The nature of the conspiracy theories varies wildly. One says that Unilever puts “corpse sludge” in food, though it also claims that McDonald's is part of Unilever. ING allegedly “disappears” savers’ money and facilitates ATM bombings to hasten the transition to digital currency. Another theory states that Albert Heijn organizes “controlled food shortages” by deliberately destroying vegetables. DSM and Akzo both allegedly spread “chemtrails.”
According to the broadcaster, someone suggested that Prime Minister Mark Rutte “needs” the Ukraine war to “keep MH17 under wraps.” Another says Shell is keeping the war going to keep energy prices high. There’s also a theory that Shell has secret shale gas contracts for the site of the MH17 disaster.
A recurring theme is the World Economic Forum (WEF), an annual meeting of business executives and politicians. One conspiracy theorist noted that WEF-affiliated companies are doing well despite the looming economic recession. “Unilever, Shell, Heineken, and Heinz make billions in profits. All WEF companies. Haven’t we figured it out yet?” Another theory states that ASML cooperates with the WEF’s plan to chip people. And that Philips' dental care subscription model is part of WEF’s plan to end private ownership.
Heineken allegedly has satanic references in its logo. KPN makes it impossible to send information about Joe Biden’s son via their internet connections, according to another theory. AEGON allegedly knows the cause behind the excess mortality and uses that knowledge to reinsure life insurance policies. And Signify’s “smart lamposts” spy on the population.
Despite their lack of substantiated evidence and often unfollowable logic, conspiracy theories can still have significant consequences for the people and businesses they touch. The arson attacks on 5G masts in 2020 are an extreme example of this.
Last month protesters showed up at Eneco’s head office in Rotterdam to burn their energy bills and shout slogans about “The Great Reset,” the title of a policy proposal by WEF chairman Klaus Schwab. And camera crews showed up at the online supermarket Picnic after a fire at a delivery point prompted a conspiracy theory that it hid a cultured meat factory funded by Bill Gates.
Responding to these theories can often exacerbate the problem, Ronald Kroes, an independent communications manager and interim spokesperson, said to BNR. But there are things companies can do to guard against conspiracy theorists.

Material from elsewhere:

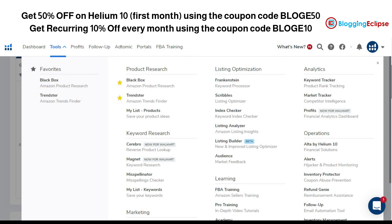One of them is Black Box. The product research part performed using Helium 10 basically has two different tools — one is Black Box and the other is Trendster. Today we are going to take a look at Black Box and Trendster. In addition, you can also use some of the Chrome extensions that can help you understand how a product is performing on Amazon.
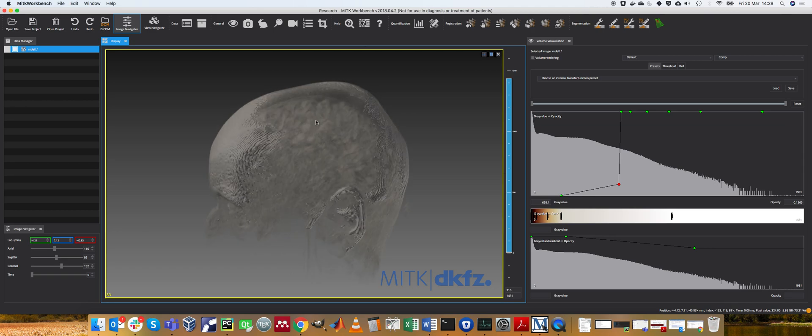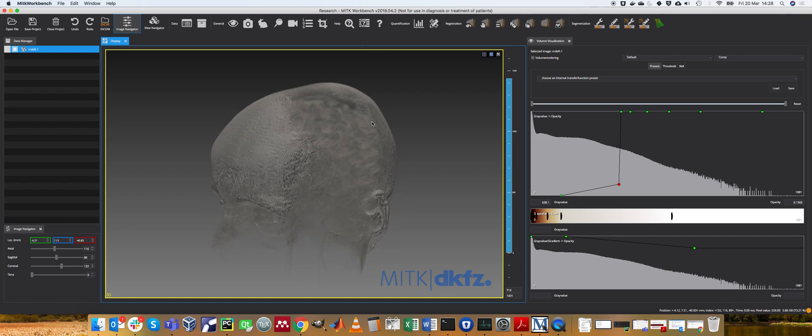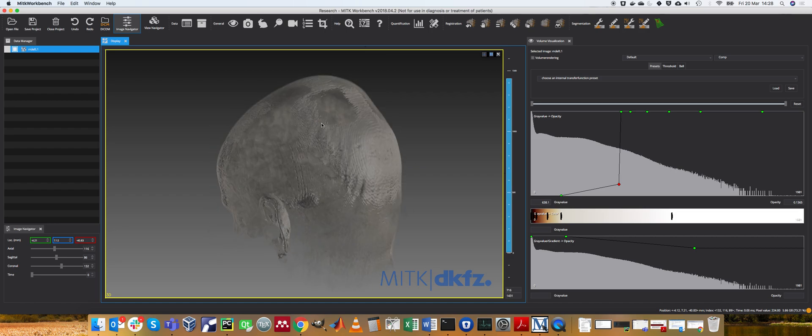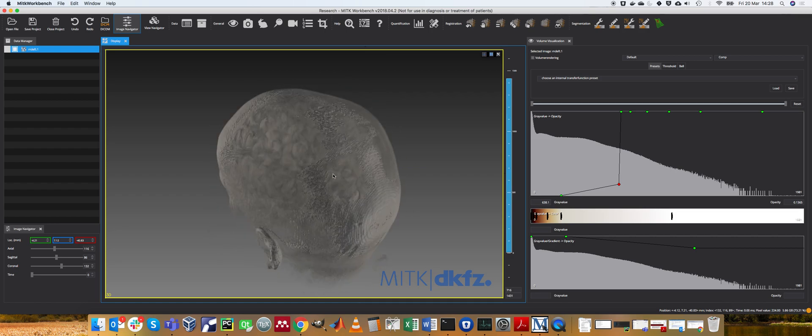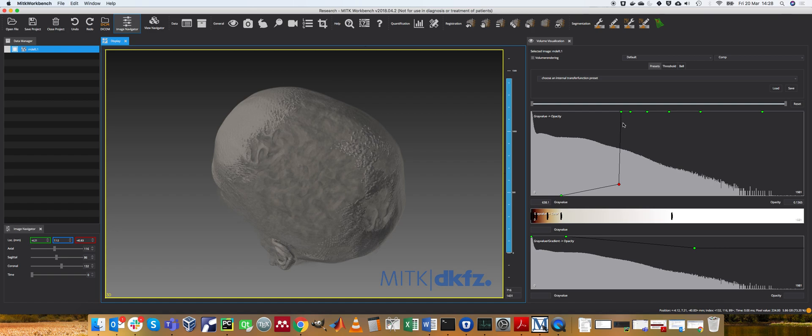So with no segmentation at all, you can start to see different parts of the anatomy purely based on mapping between intensity and opacity.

For example, have a game plan ready for if you get targeted, Kroes said. “Companies practice crisis scenarios all the time: a fire, a cyberattack, a visit from a regulator. Add these kinds of scenarios to it. You don’t know how you’ll be involved in a conspiracy theory. But if you have thought about it and discussed how to deal with it with the management, you are already a lot further along.”